Unmündige Taschendiebe: "Wohngruppen statt U-Haft"

Wiener Jugendrichterin fordert rasche Umsetzung von Alternativ-Modellen zur U-Haft. Die Vorschläge wurden bereits von einer Expertengruppe erarbeitet.

Nachdem bekannt geworden ist, dass in Wien zwei möglicherweise noch minderjährige Taschendiebe über zwei Wochen in U-Haft genommen wurden - der Bursch wurde am vergangenen Freitag als im Zweifel noch Strafunmündiger freigesprochen, das Mädchen steht am kommenden Freitag vor Gericht -, hat sich am Montag die Wiener Jugendrichterin Beate Matschnig zu Wort gemeldet.

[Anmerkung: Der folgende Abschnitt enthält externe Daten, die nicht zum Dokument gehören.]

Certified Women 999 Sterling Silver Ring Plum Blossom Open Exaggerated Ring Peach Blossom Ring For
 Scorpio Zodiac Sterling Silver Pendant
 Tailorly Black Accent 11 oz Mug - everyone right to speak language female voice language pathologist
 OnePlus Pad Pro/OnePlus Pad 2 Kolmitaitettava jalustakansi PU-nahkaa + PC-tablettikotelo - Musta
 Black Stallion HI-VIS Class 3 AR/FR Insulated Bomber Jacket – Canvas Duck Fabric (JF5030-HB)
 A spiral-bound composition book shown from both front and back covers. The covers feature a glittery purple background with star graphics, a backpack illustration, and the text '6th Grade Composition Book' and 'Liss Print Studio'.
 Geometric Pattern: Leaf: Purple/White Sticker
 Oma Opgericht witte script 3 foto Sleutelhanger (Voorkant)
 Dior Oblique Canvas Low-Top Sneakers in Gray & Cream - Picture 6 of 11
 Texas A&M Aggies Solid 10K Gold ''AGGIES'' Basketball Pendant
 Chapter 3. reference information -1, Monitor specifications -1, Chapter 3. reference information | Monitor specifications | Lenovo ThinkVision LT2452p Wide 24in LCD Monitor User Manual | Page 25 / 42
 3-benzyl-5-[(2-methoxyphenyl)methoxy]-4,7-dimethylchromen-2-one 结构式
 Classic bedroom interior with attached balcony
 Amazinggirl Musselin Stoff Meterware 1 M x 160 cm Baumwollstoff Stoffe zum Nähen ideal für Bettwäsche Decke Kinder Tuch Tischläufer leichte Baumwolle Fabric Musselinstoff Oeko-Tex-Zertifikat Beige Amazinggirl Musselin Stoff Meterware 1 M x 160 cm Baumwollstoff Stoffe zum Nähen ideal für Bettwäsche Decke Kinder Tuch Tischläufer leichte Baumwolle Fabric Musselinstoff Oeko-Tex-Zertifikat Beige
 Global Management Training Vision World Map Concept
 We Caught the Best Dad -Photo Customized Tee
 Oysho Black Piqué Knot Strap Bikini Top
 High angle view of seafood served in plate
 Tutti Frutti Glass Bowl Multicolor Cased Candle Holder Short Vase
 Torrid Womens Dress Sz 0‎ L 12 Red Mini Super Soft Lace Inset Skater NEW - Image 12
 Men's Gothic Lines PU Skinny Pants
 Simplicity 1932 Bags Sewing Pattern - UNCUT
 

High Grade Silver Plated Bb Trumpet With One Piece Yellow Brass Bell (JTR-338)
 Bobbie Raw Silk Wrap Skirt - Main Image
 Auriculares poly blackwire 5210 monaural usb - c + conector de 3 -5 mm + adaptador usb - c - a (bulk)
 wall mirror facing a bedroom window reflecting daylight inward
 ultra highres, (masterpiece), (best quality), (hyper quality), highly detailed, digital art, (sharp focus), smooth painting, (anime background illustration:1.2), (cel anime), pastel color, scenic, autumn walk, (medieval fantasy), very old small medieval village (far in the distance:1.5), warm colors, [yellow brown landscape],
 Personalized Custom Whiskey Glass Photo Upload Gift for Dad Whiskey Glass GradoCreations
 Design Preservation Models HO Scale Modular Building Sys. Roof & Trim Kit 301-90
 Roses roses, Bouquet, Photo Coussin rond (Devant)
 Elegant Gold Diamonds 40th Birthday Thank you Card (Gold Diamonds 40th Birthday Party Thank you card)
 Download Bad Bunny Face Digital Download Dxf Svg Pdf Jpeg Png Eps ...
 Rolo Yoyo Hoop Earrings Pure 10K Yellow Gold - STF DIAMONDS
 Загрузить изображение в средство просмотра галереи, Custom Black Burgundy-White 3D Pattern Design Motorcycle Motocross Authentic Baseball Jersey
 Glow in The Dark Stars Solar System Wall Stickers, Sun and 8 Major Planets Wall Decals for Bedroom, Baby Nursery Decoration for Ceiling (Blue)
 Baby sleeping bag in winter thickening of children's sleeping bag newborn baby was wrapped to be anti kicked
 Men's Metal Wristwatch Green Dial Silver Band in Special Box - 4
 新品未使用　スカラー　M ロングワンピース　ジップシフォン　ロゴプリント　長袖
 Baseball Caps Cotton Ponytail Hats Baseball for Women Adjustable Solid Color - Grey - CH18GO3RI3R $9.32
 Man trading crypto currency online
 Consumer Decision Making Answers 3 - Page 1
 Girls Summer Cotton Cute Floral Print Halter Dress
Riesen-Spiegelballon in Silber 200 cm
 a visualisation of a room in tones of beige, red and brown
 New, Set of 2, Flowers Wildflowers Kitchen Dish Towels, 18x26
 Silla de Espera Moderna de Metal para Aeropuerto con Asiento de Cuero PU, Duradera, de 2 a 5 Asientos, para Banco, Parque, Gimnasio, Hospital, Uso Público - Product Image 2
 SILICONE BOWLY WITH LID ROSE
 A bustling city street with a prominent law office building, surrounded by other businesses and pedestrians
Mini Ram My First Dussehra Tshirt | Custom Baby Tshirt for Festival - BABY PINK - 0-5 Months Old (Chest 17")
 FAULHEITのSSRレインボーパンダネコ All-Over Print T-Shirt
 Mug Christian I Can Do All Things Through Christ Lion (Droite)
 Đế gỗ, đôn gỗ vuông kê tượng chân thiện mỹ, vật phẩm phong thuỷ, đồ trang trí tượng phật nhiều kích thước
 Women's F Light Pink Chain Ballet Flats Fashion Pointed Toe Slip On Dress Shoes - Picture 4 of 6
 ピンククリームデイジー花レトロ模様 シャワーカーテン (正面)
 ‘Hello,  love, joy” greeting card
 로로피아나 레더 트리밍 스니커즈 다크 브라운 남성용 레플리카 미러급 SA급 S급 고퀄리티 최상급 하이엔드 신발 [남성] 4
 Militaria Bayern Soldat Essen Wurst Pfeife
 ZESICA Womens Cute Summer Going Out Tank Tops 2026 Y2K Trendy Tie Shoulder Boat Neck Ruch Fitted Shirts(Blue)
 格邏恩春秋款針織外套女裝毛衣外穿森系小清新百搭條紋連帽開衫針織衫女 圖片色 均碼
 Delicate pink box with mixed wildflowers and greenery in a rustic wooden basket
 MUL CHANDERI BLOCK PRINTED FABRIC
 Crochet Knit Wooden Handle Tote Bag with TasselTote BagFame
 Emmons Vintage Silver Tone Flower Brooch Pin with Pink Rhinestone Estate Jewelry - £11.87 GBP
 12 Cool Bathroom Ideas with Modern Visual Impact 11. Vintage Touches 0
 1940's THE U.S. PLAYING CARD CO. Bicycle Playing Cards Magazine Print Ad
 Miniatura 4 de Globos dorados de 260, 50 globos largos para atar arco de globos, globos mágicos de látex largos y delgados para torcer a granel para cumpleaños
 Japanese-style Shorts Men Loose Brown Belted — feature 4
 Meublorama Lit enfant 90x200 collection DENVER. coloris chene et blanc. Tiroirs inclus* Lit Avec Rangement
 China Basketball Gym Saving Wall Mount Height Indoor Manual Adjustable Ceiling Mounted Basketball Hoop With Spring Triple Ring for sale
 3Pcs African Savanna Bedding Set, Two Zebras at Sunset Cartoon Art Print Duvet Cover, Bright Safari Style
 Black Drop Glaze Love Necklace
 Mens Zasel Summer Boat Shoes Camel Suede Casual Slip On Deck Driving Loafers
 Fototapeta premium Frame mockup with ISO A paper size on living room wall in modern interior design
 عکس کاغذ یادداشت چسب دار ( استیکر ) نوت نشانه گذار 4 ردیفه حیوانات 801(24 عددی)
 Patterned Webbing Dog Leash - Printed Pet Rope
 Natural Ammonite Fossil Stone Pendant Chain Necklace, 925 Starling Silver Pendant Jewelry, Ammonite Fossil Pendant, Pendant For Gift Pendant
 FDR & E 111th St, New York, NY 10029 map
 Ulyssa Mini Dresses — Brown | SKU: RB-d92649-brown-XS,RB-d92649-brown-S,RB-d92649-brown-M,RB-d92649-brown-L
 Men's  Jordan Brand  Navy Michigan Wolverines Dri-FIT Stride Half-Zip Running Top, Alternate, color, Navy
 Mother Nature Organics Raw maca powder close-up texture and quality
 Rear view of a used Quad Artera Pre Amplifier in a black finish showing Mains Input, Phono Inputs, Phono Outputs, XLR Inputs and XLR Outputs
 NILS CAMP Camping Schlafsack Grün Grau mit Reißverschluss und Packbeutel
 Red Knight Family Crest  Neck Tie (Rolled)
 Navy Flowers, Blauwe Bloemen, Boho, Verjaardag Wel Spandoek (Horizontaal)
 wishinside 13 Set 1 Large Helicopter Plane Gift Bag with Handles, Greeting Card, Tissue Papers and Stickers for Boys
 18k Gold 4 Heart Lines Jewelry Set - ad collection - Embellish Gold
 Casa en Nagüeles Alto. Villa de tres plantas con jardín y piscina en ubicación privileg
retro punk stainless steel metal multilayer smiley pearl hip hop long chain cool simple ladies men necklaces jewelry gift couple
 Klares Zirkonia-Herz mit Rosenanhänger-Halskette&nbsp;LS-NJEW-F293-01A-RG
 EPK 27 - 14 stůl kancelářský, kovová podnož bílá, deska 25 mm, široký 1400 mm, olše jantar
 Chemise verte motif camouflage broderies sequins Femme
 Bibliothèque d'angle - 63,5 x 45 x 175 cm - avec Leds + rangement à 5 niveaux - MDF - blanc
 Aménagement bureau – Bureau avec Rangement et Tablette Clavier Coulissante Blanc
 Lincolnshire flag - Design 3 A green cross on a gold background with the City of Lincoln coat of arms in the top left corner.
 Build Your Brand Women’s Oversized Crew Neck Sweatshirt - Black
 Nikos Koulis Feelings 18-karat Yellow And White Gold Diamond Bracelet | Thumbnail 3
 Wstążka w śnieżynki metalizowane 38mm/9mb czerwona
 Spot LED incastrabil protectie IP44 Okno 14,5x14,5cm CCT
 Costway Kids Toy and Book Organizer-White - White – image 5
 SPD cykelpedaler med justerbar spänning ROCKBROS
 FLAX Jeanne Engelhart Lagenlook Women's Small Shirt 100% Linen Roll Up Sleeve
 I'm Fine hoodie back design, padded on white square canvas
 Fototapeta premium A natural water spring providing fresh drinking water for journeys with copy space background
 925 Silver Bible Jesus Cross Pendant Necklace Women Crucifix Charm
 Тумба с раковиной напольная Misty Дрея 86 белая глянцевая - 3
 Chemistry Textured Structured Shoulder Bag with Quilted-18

Matschnig pochte im Hinblick auf diese Fälle im Gespräch mit der APA auf die rasche Umsetzung von Alternativ-Modellen zur Haft für Jugendliche, die eine unter Ex-Justizministerin Beatrix Karl (ÖVP) eingesetzte Expertengruppe unter dem Schlagwort "Taskforce Jugendhaft" im Vorjahr erarbeitet hat. Die Jugendrichterin verlangte "Wohngruppen statt U-Haft, wobei es nötig wäre, dass man diese Wohnungen auch abschließen kann". Dies deshalb, um die Betroffenen am Davonlaufen zu hindern und sie gezielt betreuen zu können, was im Gefängnis infolge nicht vorhandener personellen Kapazitäten kaum bzw. nicht möglich ist.

"Diese Kinder sind Opfer"

Speziell die womöglich noch unmündigen Taschendiebe, die derzeit Gegenstand medialer Berichterstattung sind, wären nach Ansicht Matschnigs in solchen Wohngruppen gut aufgehoben: "Diese Kinder sind Opfer. Sie gehören konkret einer Bande von 100 Kindern an, die gezielt zum Stehlen ausgebildet und von ihren Hintermännern durch ganz Europa geschickt werden. Sie werden in totaler Abhängigkeit gehalten, müssen ihre Beute abliefern."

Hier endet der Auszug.